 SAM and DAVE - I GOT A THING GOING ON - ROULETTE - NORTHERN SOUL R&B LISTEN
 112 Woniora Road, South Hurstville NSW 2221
...
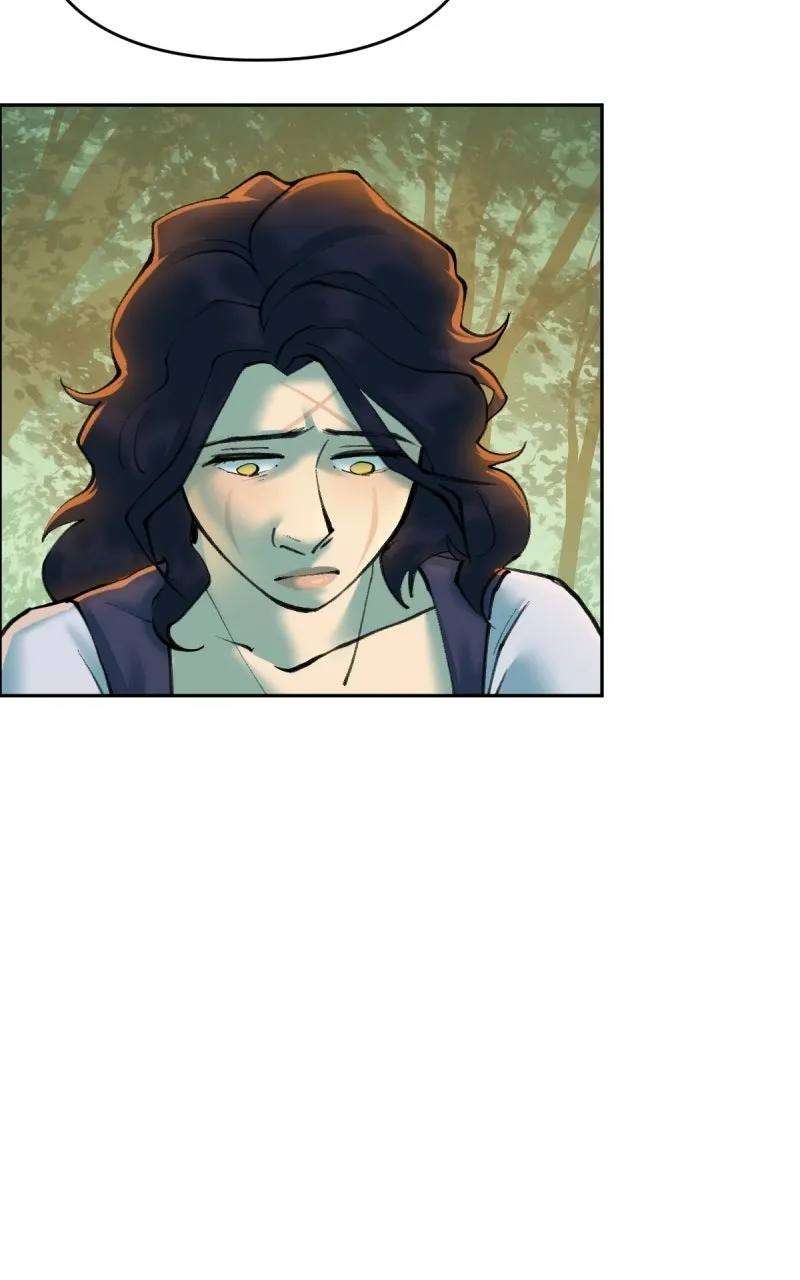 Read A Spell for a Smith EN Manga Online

What you need to do>
Copy out, exactly and alone, the lines of the entries above between the ones holding "SAM and DAVE" and "112 Woniora Road, South Hurstville NSW 2221", inclusive.

Expected answer>
 SAM and DAVE - I GOT A THING GOING ON - ROULETTE - NORTHERN SOUL R&B LISTEN
 112 Woniora Road, South Hurstville NSW 2221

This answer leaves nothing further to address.